Being whole food honest might be my motivation for making potato flatbread with whole wheat flour, but I only needed to do this once. After a few chewy bites of that nutty and slightly sweet flavor, I was hooked.
I discovered that when you treat flour as an ingredient, not just a binder with a product for butter to rest on, it tilts your perspective. I also discovered that rather than a white bread sugar high, I was satiated for hours with just one flatbread. Another good thing that happens when you start eating the ‘whole food’ rather than the watered-down, processed versions. Peace.Print
Wholesome whole wheat potato flatbread with just 3 ingredients is so easy, you’ll head straight to the pantry for the ultimate whole food, plant-based wrap.
- 1 cup mashed potatoes (2 medium potatoes)
- 1 cup whole wheat flour
- ½ tsp. salt
- To make the mashed potatoes, peel and dice the potatoes and add them to a medium pot filled with cold water. Bring the pot to a boil, then lower the heat to a strong simmer, cover the pot and allow the potatoes to cook until they are fork-tender (about 20 minutes). Drain the potatoes and rinse them with cool water to stop the cooking process.
- In a medium bowl, mash the potatoes with ½ tsp. salt.
- Stir in ½ cup of whole wheat flour with a spoon.

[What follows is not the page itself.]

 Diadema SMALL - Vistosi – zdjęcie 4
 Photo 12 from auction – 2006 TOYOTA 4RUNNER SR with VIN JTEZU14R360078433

Then add the rest of the flour, ¼ a cup at a time, and stir in using the spoon and eventually your hand to form a ball that will stick together. (note: you may end up using a bit more or less of the flour depending on the amount and kind of potatoes you use).

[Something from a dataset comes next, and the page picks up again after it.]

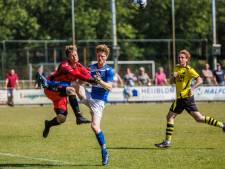 Be Ready-keeper pakt drie (!) strafschoppen en schiet zelf ook raak: ‘Fantastisch om mee te maken’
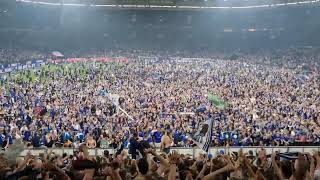 Schalke ist die Macht! Aufstieg 2022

- Lightly flour a rolling surface and flip the dough ball a few times so it won’t stick to the board. Using your hands, roll the dough into a long cylinder. Cut the dough into 8 pieces (more or less depending on the size of the flatbread you want).
- Pause to heat a heavy-bottomed skillet over medium or, if you are baking the flatbread pre-heat the oven to 425 F (220 C).
- Form a ball with each piece, then roll into a round flatbread, about ¼ of an inch thick (use can also use a tortilla press for this, see my notes).
- If you are baking the flatbread, roll them, and add them to a baking tray lined with parchment paper. Bake for about 2 minutes until they start to brown and then flip them and bake them for another 2 minutes until brown.
- To pan-fry, we find it easiest to add them one-at-a-time to a heated skillet. Flip them after 1 ½ – 2 minutes (when they are brown on the bottom) and fry until they are browned on both sides.
- Wrap the cooked flatbread in a dry cloth to keep them warm.
- If using a tortilla press, be sure to line the top and bottom with parchment paper or plastic wrap so the flatbread doesn’t stick.
- The main ‘trick’ for perfect flatbread is using equal measures of potato and flour, so don’t worry if you start out with extra potato, just adjust the whole wheat accordingly.
- If you want to make flavored flatbread, try adding ½ tsp. rosemary, cumin, chili flakes, or another of your favorite spices.
- If you use leftover mashed garlic potatoes – yummy!